Still, Pittsburgh held a five-run lead in the late innings and Hurdle could have replaced Taillon after eight to preserve his pitch count. But within the industry, things like complete games and shutouts still matter to those playing the game. It's just that now, they have to fall within a very specific set of usage parameters. Those parameters are managed by ... the manager.
Therein lies your answer when asking whether there will be Verlanders in the future. Such unicorns will spring to life because smart managers allow them to come into being. It'll be a gradual process for each emergent ace, but it will happen. And given how unusual these future workhorse aces will be, they will only be that much more valuable to their teams, not to mention the marketplace.
These things will continue to evolve. The prevalence of flamethrowers filling bullpens we see now could dry up. Ten years ago, that aforementioned problem of too many incompetent pitchers getting innings was certainly in part a problem of supply and demand. Now there are more capable relievers. This could change again.
We'll also see how things evolve in regard to the playoff structure. It used to be that teams would put all of their resources toward winning the pennant, because there was only one round to navigate after you'd won. Now, with ten teams getting in, often the top teams can project themselves into the October picture well in advance. Teams like the Dodgers and Cubs have taken this into account in recent years as they manage the workloads of their pitching staffs through the season.
The 2017 Astros are the prime example of that. From the middle of the season, there was little doubt that Houston would be in the playoffs. They had plenty of time to focus on the 18 postseason games it took to get the 11 wins they needed to clinch the franchise's first title.
Eighteen games -- each one an exhausting, self-contained adventure. Hinch had to keep his pitchers fresh for that run, even while positioning the Astros for the top seed. And when his bullpen faltered, almost en masse, he had to lean heavily on his starting pitchers. He was able to do that because of the work he did during the season to preserve those starters. And because of Verlander.

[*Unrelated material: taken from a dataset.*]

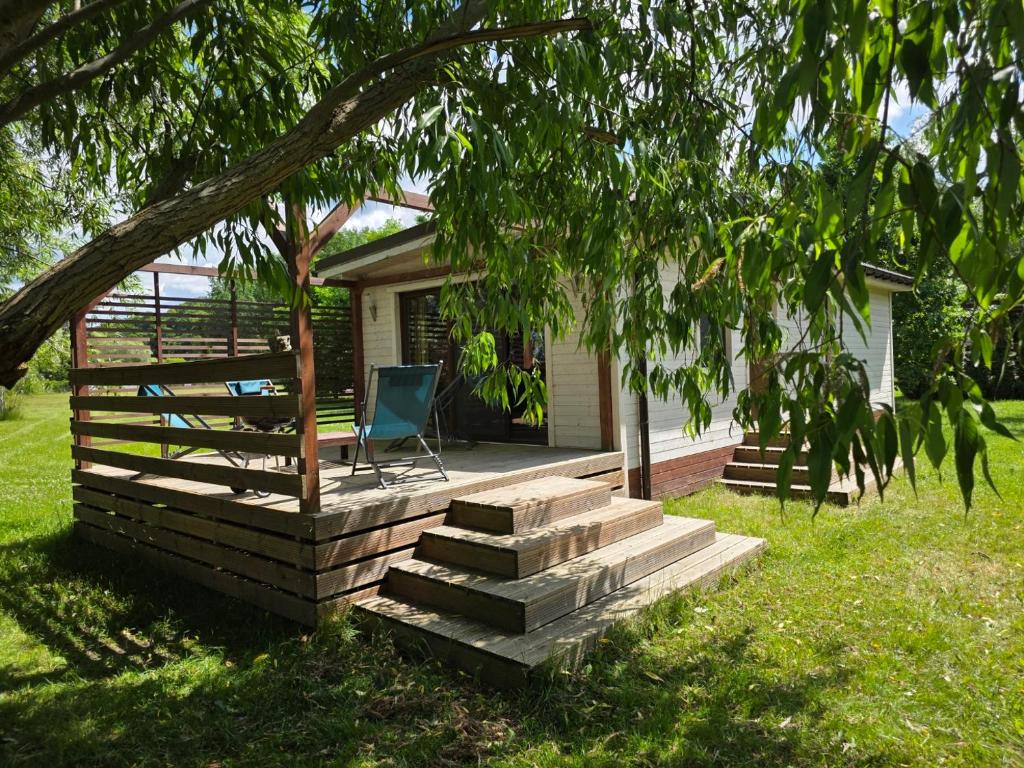 a house with a porch with a chair sitting on it at Resort Marina Suchacz in Suchacz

Maybe our best hope for future Verlanders lies in his bank account. Through the 2017 season, Verlander had earned $198.5 million dollars in big league salary. If the market for the middling starter is ebbing, as this winter suggested, the one for the elite, all-but-impossible-to-find starter like Verlander, Chris Sale, Max Scherzer and Kershaw seems to be just fine.
That means the incentive to push the envelope beyond being a two-times-through-the-order guy remains strong. And owners know all too well the unique effect a superstar starter can have at the turnstile. (It's Verlander day!)
The ace starter, the workhorse, the guy who can lift a team on his back and carry it across the finish line -- one-name guys like Gibson, Unit, Rocket, Koufax, Verlander -- these are the legends of the game. To have no more of them ... is an unpleasant thought.
If analytic trends were followed to their logical conclusion, another such legend might never again come into being. But while patterns of usage may be a more efficient way to win games over the course of a long season, or even multiple seasons, that doesn't mean magic will go out of the game. There are too many reasons for it not to.
Enjoy the aces. Relish those pitching duels, when they come. Thanks to generational talents and astute managers, they won't go away completely. Will they?
"That's a good question," Verlander said. "I don't know the answer to that."
Not exactly reassuring. As long as they don't go completely extinct, Justin Verlander, and his shrinking population of peers, will remain one of the wonders of big league baseball.
All it takes is one. Or two, if you want an old-fashioned pitching duel.